En comparant des simulations d'un GPCR à différentes molécules jointes, l'équipe de Dror pouvait indiquer exactement comment une molécule de médicament peut modifier la forme du GPCR pour fournir des bienfaits tout en évitant des effets secondaires, quelque chose qui étaient demeurés mystérieux jusqu'ici.

Basé sur ces résultats, les chercheurs ont conçu les molécules neuves qui ont en effet entraîné les changements avantageux des cellules, sans modifications indésirées. Bien que ces molécules conçues ne soient pas encore adaptées pour l'usage comme médicaments chez l'homme, elles représentent une première étape essentielle vers les médicaments sans côté se développants.

Aujourd'hui, les chercheurs examinent type des millions de candidats de médicament - d'abord dans des éprouvettes, puis chez les animaux et finalement chez l'homme - espérant trouver la molécule magique qui est efficace et sûre, signifiant que tous les effets secondaires sont tolérables.

Cet entreprendre massif prend type beaucoup d'années et coûte des milliards de dollars, et le médicament donnant droit a toujours souvent quelques effets secondaires frustrants.
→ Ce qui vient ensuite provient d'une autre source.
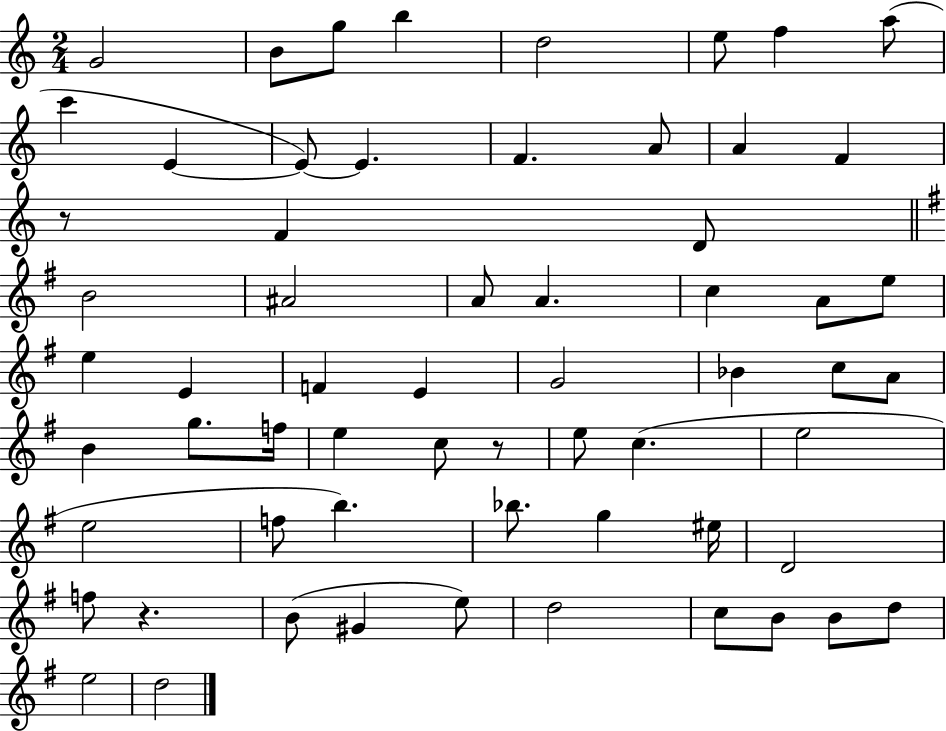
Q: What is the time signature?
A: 2/4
Les découvertes par l'équipe de Dror promettent de permettre à des chercheurs de dériver beaucoup de ce travail de test et erreur, de sorte qu'elles puissent introduire les candidats prometteurs de médicament dans les essais animaux et humains plus rapidement, et avec une probabilité plus grande que ces médicaments potentiels prouveront très sûr et efficace.

Le chercheur post-doctoral Karl-Mikael Suomivuori et l'ancien étudiant de troisième cycle Naomi Latorraca ont abouti une équipe de 11 membres qui a inclus Robert Lefkowitz de Duke University, avec qui Kobilka a partagé le prix Nobel, et d'Andrew Kruse d'Université de Harvard, l'ancien stagiaire de Kobilka.

En plus d'indiquer comment une molécule de médicament pourrait faire déclencher un GPCR seulement des bienfaits. Wwe've a employé ces découvertes pour concevoir des molécules avec les propriétés physiologiques désirées, qui est quelque chose que beaucoup de laboratoires avaient essayé de faire pendant longtemps. »

Ron Dror, professeur agrégé de l'informatique, école de Stanford du bureau d'études

« Armé avec nos résultats, chercheurs peut commencer à imaginer des voies neuves et meilleures de concevoir les médicaments qui maintiennent leur efficacité tout en posant moins dangers, » Dror a dit. Il espère qu'une telle recherche éliminera éventuellement des effets secondaires dangereux des médicaments employés pour traiter une grande variété de maladies, y compris des états cardiaques, des troubles psychiatriques et la douleur chronique.

Source:
Journal reference:

Suomivuori, C-M., Molecular mechanism of biased signaling in a prototypical G protein–coupled receptor. Science. doi.org/10.1126/science.aaz0326.